**PROBLEM DESCRIPTION**
Please keep to the lines below from the one with "Staple Remover, Staple" through the one with "全てレンジもやし入ナポリタン味甘酢酢豚作り方11写真", and restate them word for word, ends included.

**EXERCISE MATERIAL**
+++
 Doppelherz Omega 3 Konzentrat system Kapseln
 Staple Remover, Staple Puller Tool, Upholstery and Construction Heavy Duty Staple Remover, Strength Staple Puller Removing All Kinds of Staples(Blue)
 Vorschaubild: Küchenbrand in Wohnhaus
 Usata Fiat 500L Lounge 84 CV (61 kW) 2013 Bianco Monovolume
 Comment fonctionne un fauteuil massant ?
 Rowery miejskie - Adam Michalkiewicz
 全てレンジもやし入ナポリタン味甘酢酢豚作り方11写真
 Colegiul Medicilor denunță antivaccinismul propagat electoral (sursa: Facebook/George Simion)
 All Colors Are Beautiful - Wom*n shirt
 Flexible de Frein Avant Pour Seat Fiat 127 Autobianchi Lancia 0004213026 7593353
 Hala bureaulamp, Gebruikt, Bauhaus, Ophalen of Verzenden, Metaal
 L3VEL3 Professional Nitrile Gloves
+++
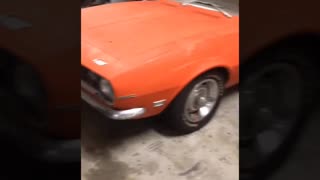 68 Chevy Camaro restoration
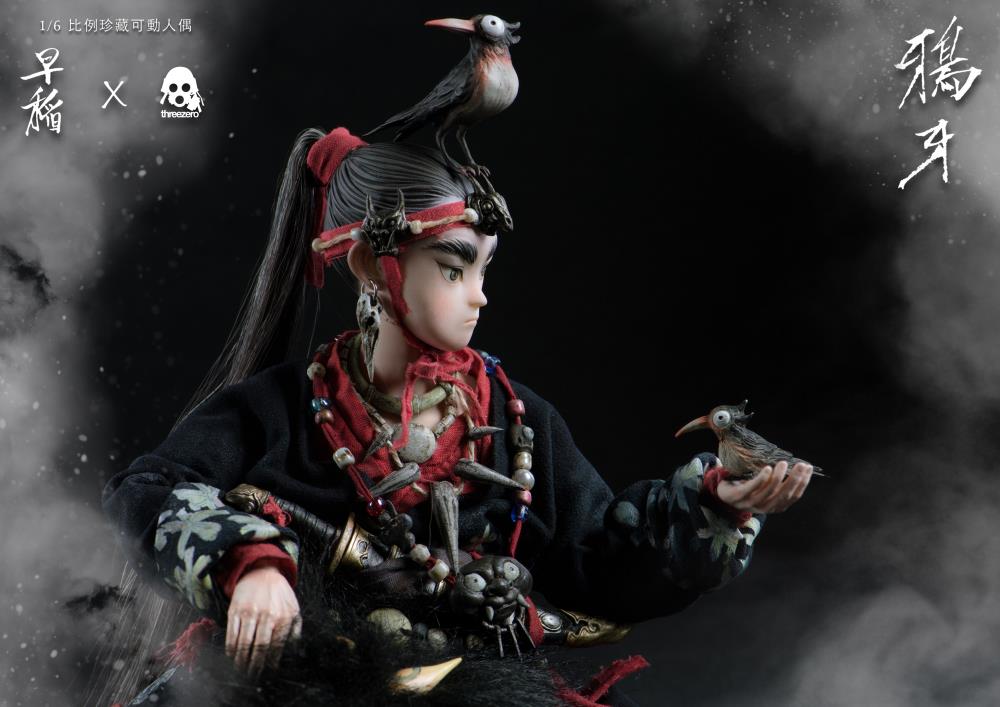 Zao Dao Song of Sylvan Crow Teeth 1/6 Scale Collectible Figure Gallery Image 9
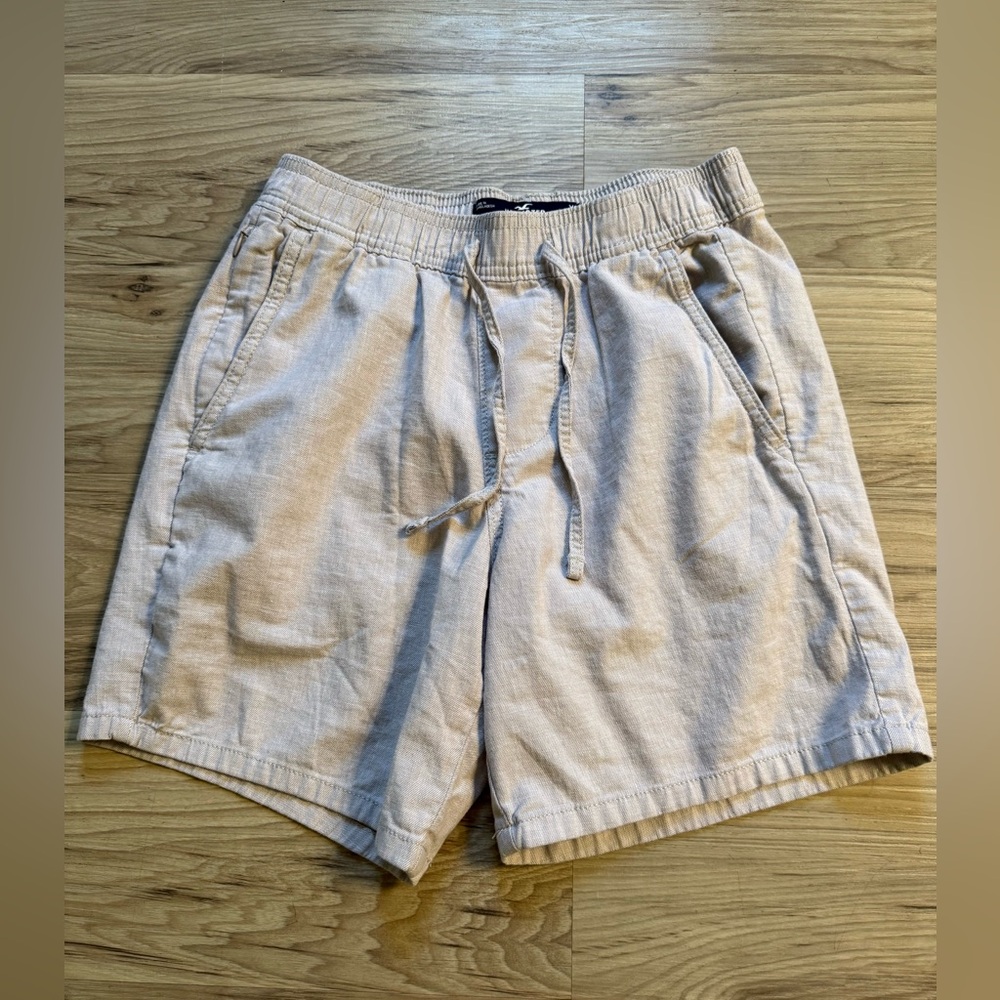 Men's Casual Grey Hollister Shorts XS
+++
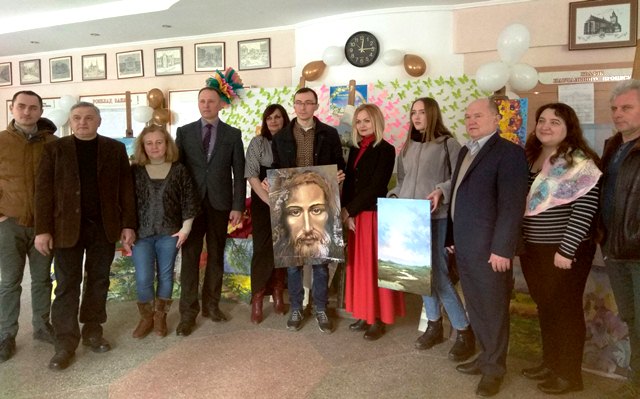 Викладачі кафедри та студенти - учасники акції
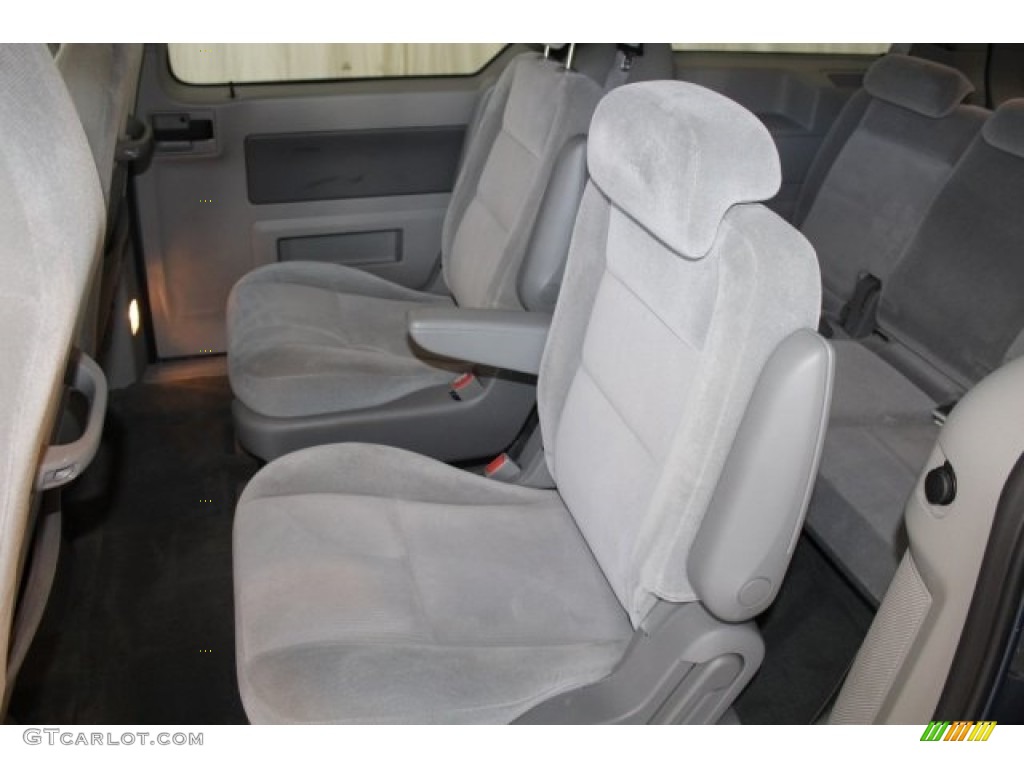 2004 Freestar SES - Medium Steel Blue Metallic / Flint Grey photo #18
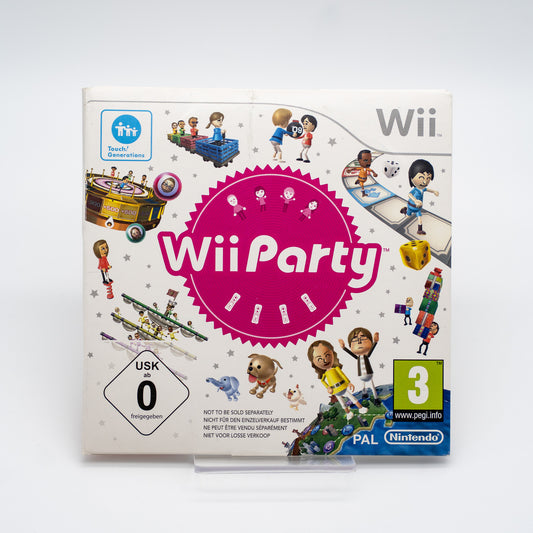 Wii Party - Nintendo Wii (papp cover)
+++
**EXERCISE ANSWER**
 Staple Remover, Staple Puller Tool, Upholstery and Construction Heavy Duty Staple Remover, Strength Staple Puller Removing All Kinds of Staples(Blue)
 Vorschaubild: Küchenbrand in Wohnhaus
 Usata Fiat 500L Lounge 84 CV (61 kW) 2013 Bianco Monovolume
 Comment fonctionne un fauteuil massant ?
 Rowery miejskie - Adam Michalkiewicz
 全てレンジもやし入ナポリタン味甘酢酢豚作り方11写真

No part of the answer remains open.